L’umile bicchiere, ad esempio, “sbrecciato, andato in pezzi dopo essere caduto./
La forma, incontenibile, di un contenuto”; oppure la finestra “filtro di
scambio tra il fuori e il dentro,/ tappo dell’immenso espanso a dismisura”, o
il letto “porto sicuro e perno del giorno/ che svolta rapace, rotte le sponde/
nel tuffo, nel pozzo, in mezzo alle onde”. Tutto acquista, in questo procedere,
un tono sapienziale che rimanda ad intimità ulteriori, a connotati
rintracciabili solo superando nettamente il livello della prima ricezione;
evidenziando il nostro percepire negli aspetti che sanno riconoscere l’elemento
stesso quando si fa strumento, come negli organi del corpo analizzati in una
sezione del libro impostata come vero e proprio atlante anatomico, rendendo il
dato fisico protagonista di una pagina che ridisegna i ruoli delle sue singole
parti.
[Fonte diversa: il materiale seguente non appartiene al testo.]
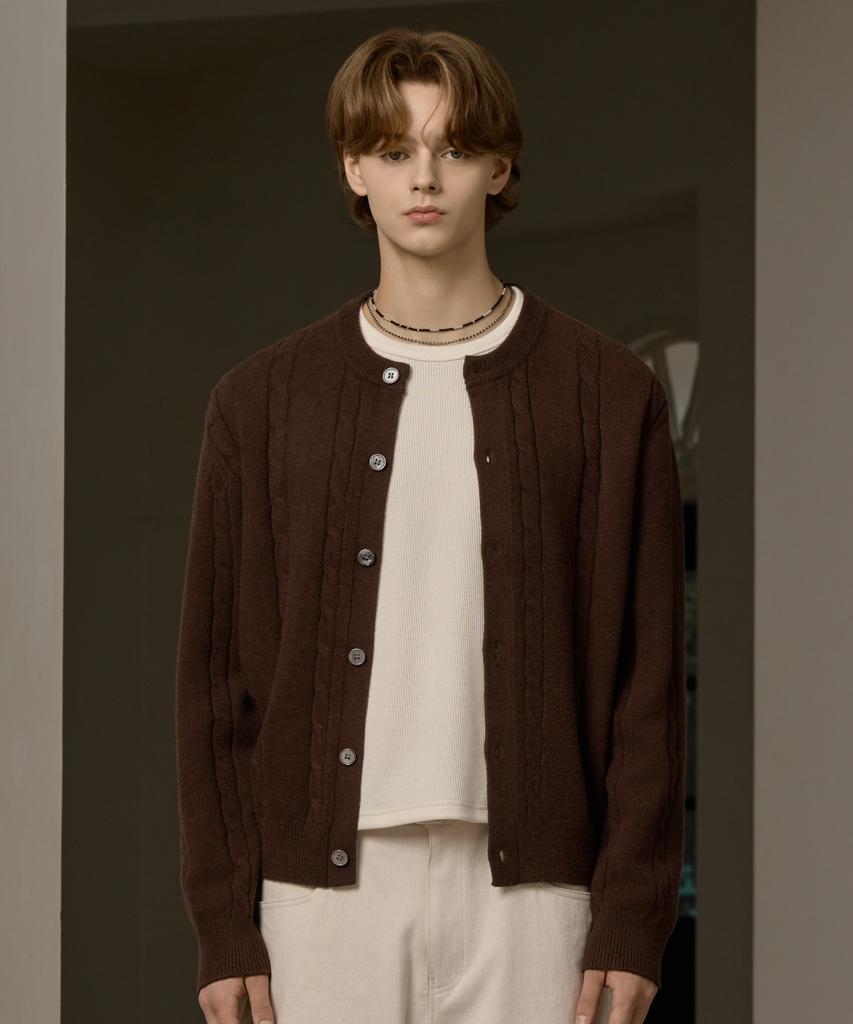 Hyoji Fw Washable Cable Round Crop Knit Cardigan (3 Colors)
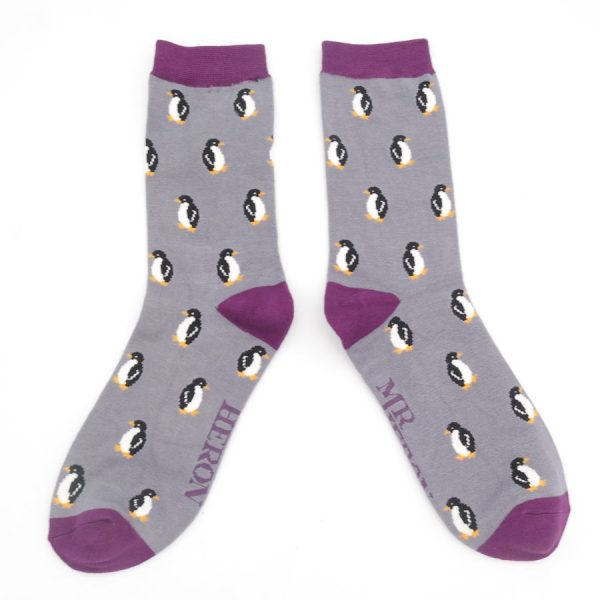 Mr Heron Grey Little Penguins Socks
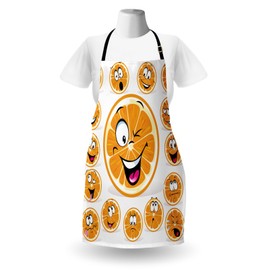 Lunarable Fruits Apron, Orange Clipart with many Expression Frown Laughing Eyebrows Angry Feeling Artwork Print, Unisex Kitchen Bib Apron with Adjustable Neck for Cooking Baking Gardening, Orange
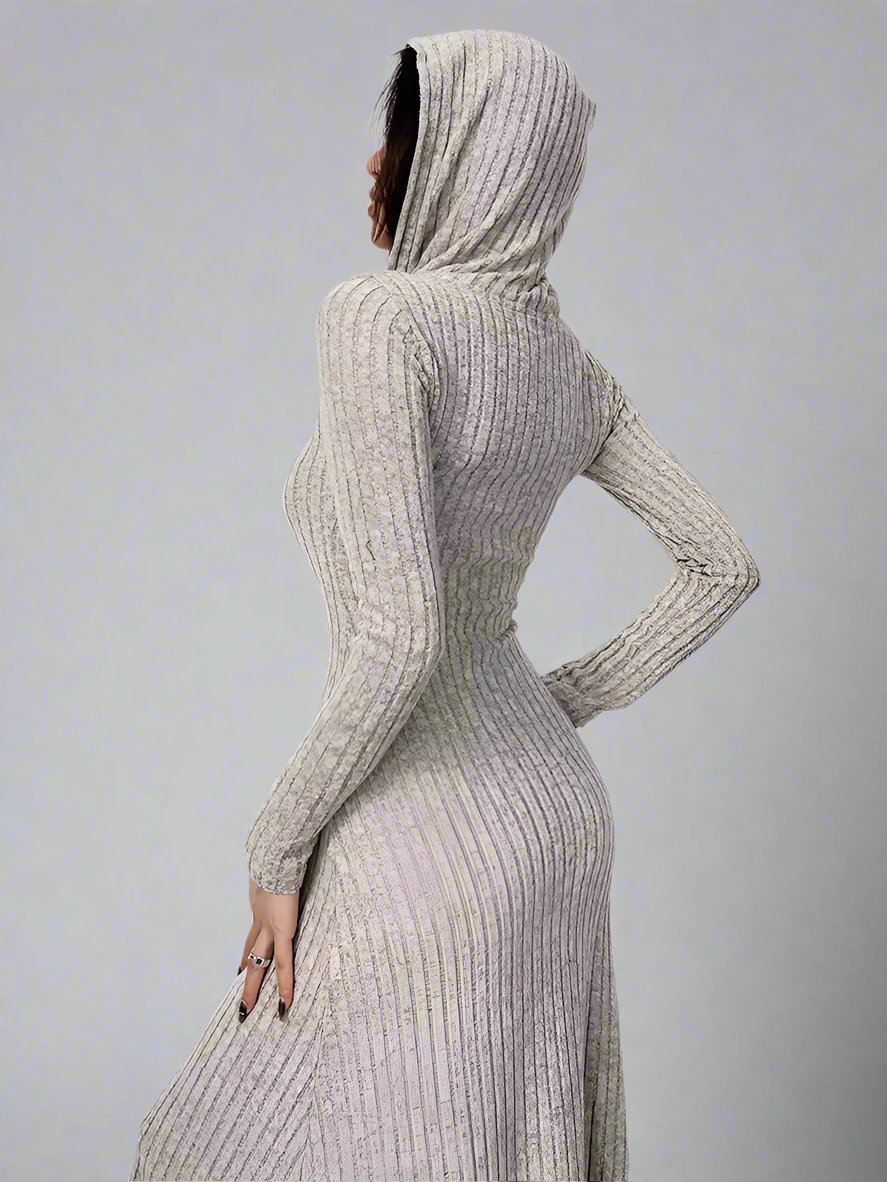 Hooded slim fit knitted dress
Il centro è determinato da propulsione esigibile e percettibilmente
offerto dal flusso del linguaggio nella sua più composita capacità di ricerca,
pur all’interno del limite a cui siamo inevitabilmente ancorati dalla nostra
natura: “Ecco che di colpo riesco a dare/ corpo all’ombra, si stacca la parola/
dal groviglio e dà forma al fantasma/ figlio del sogno che si sveglia/ e
respira il respiro della vita/ con il suo peso e con la meraviglia...”. Paolo
Ruffilli ci confida, con questo suo articolato lavoro, la vocazione insita
nella profonda maieutica che cura, reinterpreta e interroga le cose del mondo.